Tom Hutton

No. 4
- Position: Punter

Personal information
- Born: July 8, 1972 (age 53) Memphis, Tennessee, U.S.
- Listed height: 6 ft 1 in (1.85 m)
- Listed weight: 200 lb (91 kg)

Career information
- College: Tennessee
- NFL draft: 1995: undrafted

Career history
- Philadelphia Eagles (1995–1998); Miami Dolphins (1999); Green Bay Packers (2000)*;
- * Offseason and/or practice squad member only

Awards and highlights
- PFWA All-Rookie Team (1995);
- Stats at Pro Football Reference

= Tom Hutton (American football) =

American football player (born 1972)

William Thomas Hutton (born July 8, 1972) is a former professional football player who was a punter. As an undrafted free agent, Hutton played for four seasons for the Philadelphia Eagles of the National Football League where he averaged 42.4 yards on 349 punts, and had 77 of his kicks downed inside the 20-yard line. Hutton played for the Miami Dolphins in 1999 and was with the Green Bay Packers during the 2000 training camp.
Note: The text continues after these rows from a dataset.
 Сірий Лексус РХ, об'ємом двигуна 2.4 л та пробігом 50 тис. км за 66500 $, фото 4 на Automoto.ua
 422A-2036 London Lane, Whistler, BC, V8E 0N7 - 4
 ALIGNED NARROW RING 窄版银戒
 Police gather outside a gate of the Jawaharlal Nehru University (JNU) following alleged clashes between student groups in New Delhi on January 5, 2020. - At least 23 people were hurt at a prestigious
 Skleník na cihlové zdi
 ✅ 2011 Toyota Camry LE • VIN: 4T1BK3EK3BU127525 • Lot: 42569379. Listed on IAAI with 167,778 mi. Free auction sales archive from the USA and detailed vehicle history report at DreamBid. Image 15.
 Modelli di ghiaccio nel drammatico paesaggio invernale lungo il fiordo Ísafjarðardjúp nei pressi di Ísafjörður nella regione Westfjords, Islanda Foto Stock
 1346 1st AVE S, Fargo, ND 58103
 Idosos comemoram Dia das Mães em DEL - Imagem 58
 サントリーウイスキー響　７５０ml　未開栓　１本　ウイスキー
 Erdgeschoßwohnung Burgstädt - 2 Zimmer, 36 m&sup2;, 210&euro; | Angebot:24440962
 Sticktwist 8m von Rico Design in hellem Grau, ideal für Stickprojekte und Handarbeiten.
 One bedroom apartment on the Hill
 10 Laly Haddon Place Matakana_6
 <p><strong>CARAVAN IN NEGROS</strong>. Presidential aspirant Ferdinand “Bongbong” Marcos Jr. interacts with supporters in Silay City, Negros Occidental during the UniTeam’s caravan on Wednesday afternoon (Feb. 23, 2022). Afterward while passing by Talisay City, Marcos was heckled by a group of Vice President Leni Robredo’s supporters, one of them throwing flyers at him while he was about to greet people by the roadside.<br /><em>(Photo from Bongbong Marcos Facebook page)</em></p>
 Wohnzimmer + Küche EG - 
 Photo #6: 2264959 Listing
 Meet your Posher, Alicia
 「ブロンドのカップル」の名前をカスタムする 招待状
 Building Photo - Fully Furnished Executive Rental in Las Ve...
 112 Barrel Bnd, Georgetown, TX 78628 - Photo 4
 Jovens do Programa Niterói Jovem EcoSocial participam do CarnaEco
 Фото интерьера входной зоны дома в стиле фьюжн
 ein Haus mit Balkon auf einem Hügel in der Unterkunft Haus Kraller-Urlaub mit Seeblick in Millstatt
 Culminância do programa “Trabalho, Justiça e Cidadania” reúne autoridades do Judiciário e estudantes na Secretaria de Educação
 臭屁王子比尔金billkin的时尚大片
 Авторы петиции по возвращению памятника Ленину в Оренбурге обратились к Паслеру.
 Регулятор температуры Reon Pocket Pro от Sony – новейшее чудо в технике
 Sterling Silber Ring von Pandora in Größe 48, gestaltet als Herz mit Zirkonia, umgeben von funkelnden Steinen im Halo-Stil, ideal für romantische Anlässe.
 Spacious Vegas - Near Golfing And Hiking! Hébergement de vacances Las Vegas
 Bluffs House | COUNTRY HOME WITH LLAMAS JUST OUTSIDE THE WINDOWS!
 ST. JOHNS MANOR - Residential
In his elementary years, he attended Presbyterian Day School and Woodland Presbyterian School. He proceeded to Memphis University School for high school, where he graduated in 1991. He then walked on and played college football at the Tennessee Volunteers, where he was the starting punter for four years. He lives in Memphis. He has a wife and two daughters.